Development of a multigrid accelerated Euler solver on adaptively refined two- and three-dimensional cartesian grids


Tezin Türü: Yüksek Lisans

Tezin Yürütüldüğü Kurum: Orta Doğu Teknik Üniversitesi, Mühendislik Fakültesi, Makina Mühendisliği Bölümü, Türkiye

Tezin Onay Tarihi: 2009

Öğrenci: MEHTAP ÇAKMAK

Eş Danışman: MEHMET HALUK AKSEL, CÜNEYT SERT

Özet:

Cartesian grids offer a valuable option to simulate aerodynamic flows around complex geometries such as multi-element airfoils, aircrafts, and rockets. Therefore, an adaptively-refined Cartesian grid generator and Euler solver are developed.
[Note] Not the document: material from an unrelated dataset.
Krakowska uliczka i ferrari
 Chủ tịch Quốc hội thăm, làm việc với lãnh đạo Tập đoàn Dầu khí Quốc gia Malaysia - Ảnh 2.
For the mesh generation part of the algorithm, dynamic data structures are used to determine connectivity information between cells and uniform mesh is created in the domain. Marching squares and cubes algorithms are used to form interfaces of cut and split cells. Geometry-based cell adaptation is applied in the mesh generation. After obtaining appropriate mesh around input geometry, the solution is obtained using either flux vector splitting method or Roe’s approximate Riemann solver with cell-centered approach. Least squares reconstruction of flow variables within the cell is used to determine high gradient regions of flow. Solution based adaptation method is then applied to current mesh in order to refine these regions and also coarsened regions where unnecessary small cells exist. Multistage time stepping is used with local time steps to increase the convergence rate. Also FAS multigrid technique is used in order to increase the convergence rate. It is obvious that implementation of geometry and solution based adaptations are easier for Cartesian meshes than other types of meshes. Besides, presented numerical results show the accuracy and efficiency of the algorithm by especially using geometry and solution based adaptation. Finally, Euler solutions of Cartesian grids around airfoils, projectiles and wings are compared with the experimental and numerical data available in the literature and accuracy and efficiency of the solver are verified.